Dataset excerpts

--*--

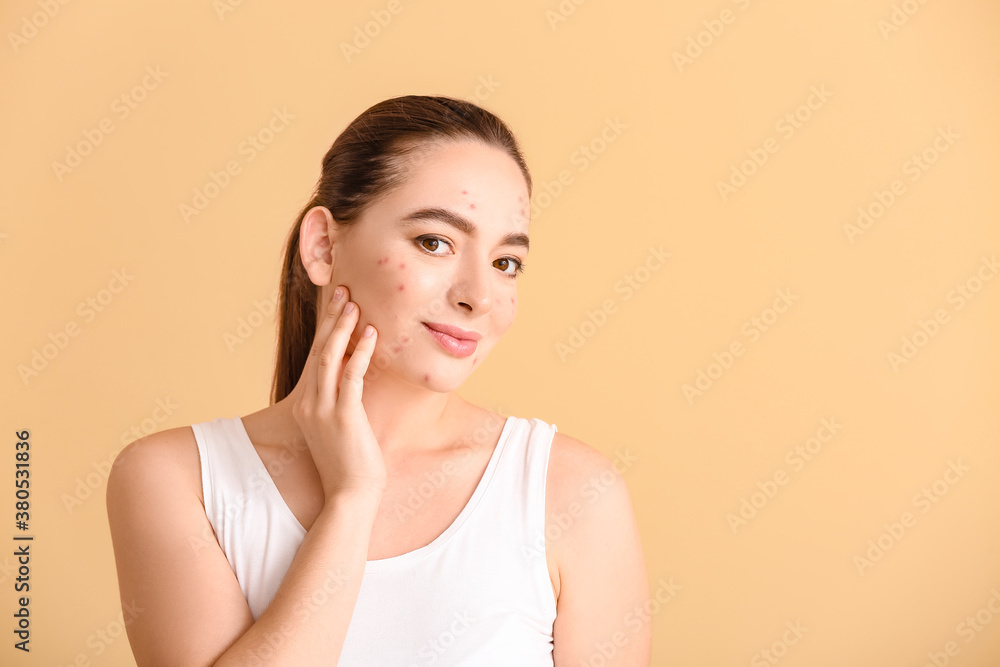 Young woman with acne problem on color background Young woman with acne problem on color background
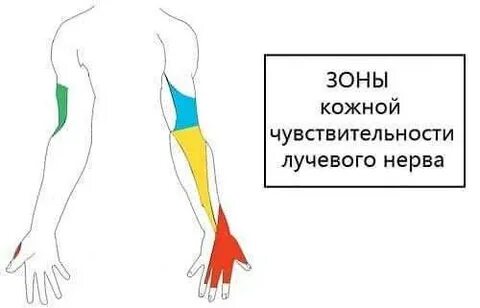 Невралгия лучевой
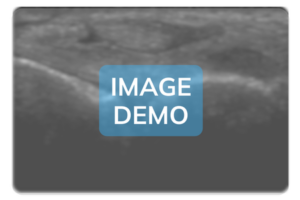 Tarsal sinus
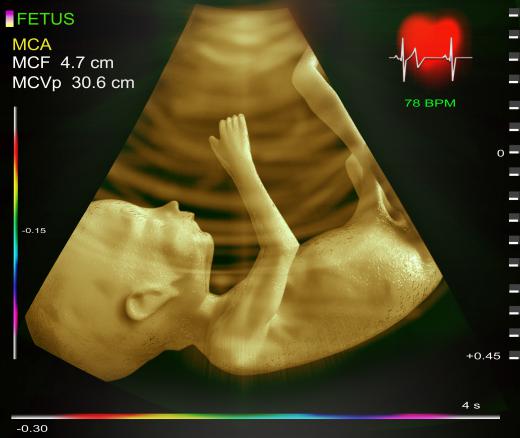 Sonograms can be taken to produce 3D images.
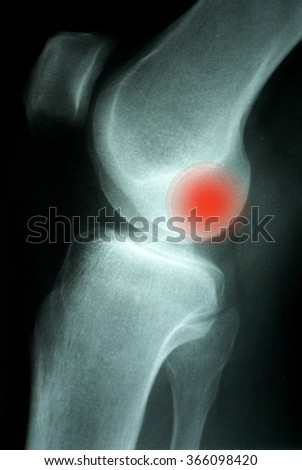 Knee Xray (X-ray) photo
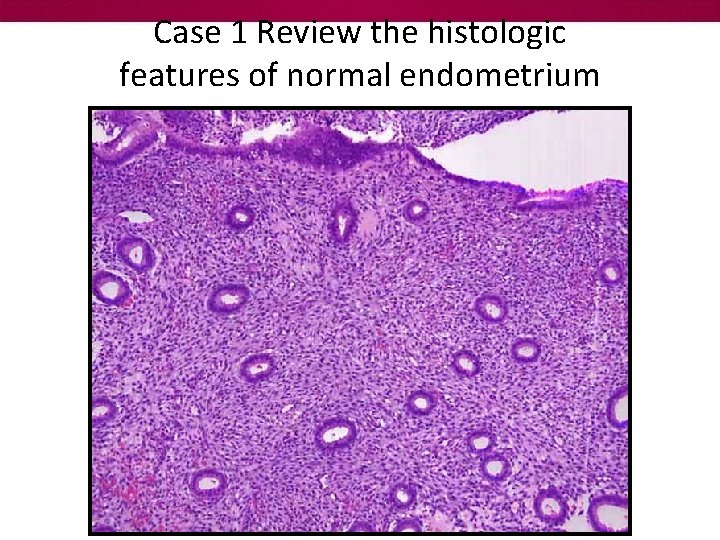 Case 1 Review the histologic features of normal endometrium 
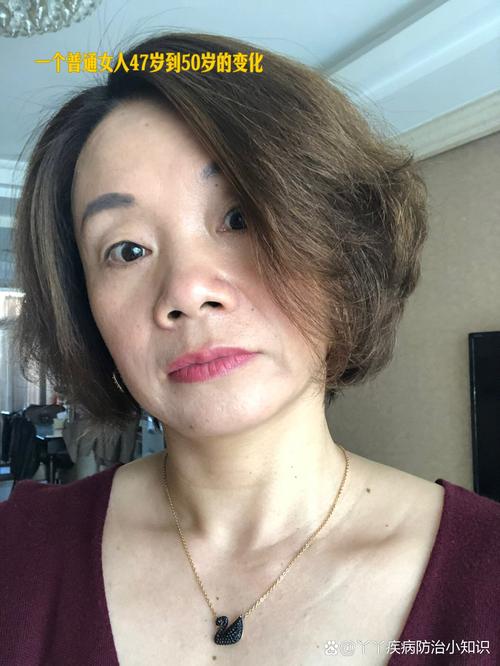 精子畸形自闭症(自闭症精细)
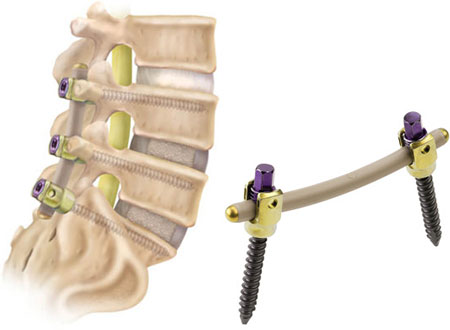 Vertebral bone ossification using polyether ether ketone (PEEK)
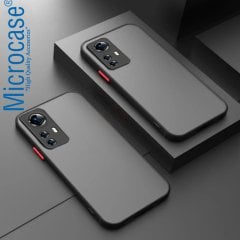 Microcase Xiaomi 12S London Serisi Darbeye Dayanıklı Kılıf - Buzlu Siyah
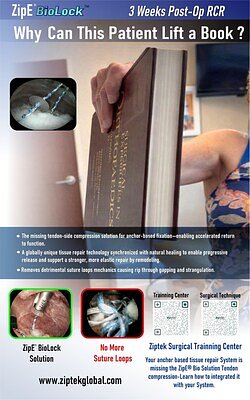 Ziptek’s Biolock Aims to Remodel the Tissue Repair Market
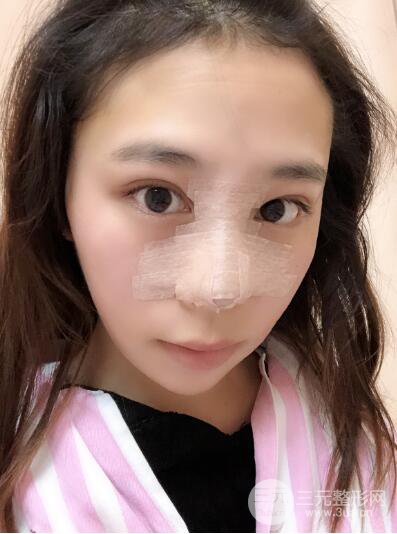貴陽麗都李觀龍隆鼻整形案例對照圖一個月恢復(fù)過程分享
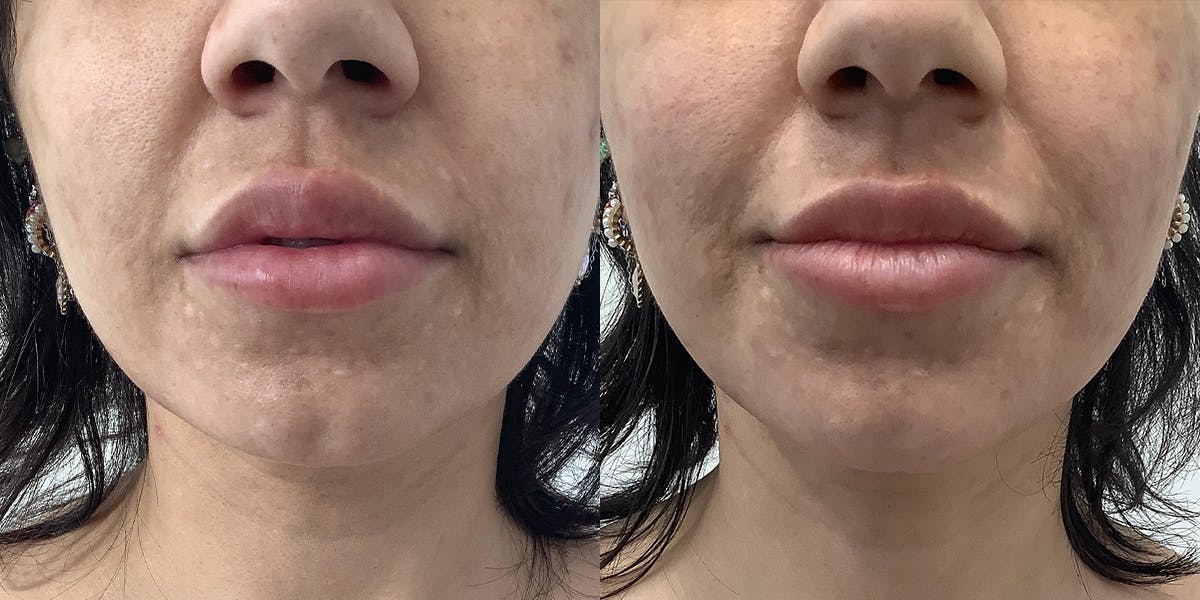 Thread Lift Before & After Gallery - Patient 176796 - Image 1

--*--

== Task item ==
When copying the records, reproduce every entry exactly and omit all pictures.

== Result ==
 Young woman with acne problem on color background Young woman with acne problem on color background
 Невралгия лучевой
 Tarsal sinus
 Sonograms can be taken to produce 3D images.
 Knee Xray (X-ray) photo
 Case 1 Review the histologic features of normal endometrium 
 精子畸形自闭症(自闭症精细)
 Vertebral bone ossification using polyether ether ketone (PEEK)
 Microcase Xiaomi 12S London Serisi Darbeye Dayanıklı Kılıf - Buzlu Siyah
 Ziptek’s Biolock Aims to Remodel the Tissue Repair Market
貴陽麗都李觀龍隆鼻整形案例對照圖一個月恢復(fù)過程分享
 Thread Lift Before & After Gallery - Patient 176796 - Image 1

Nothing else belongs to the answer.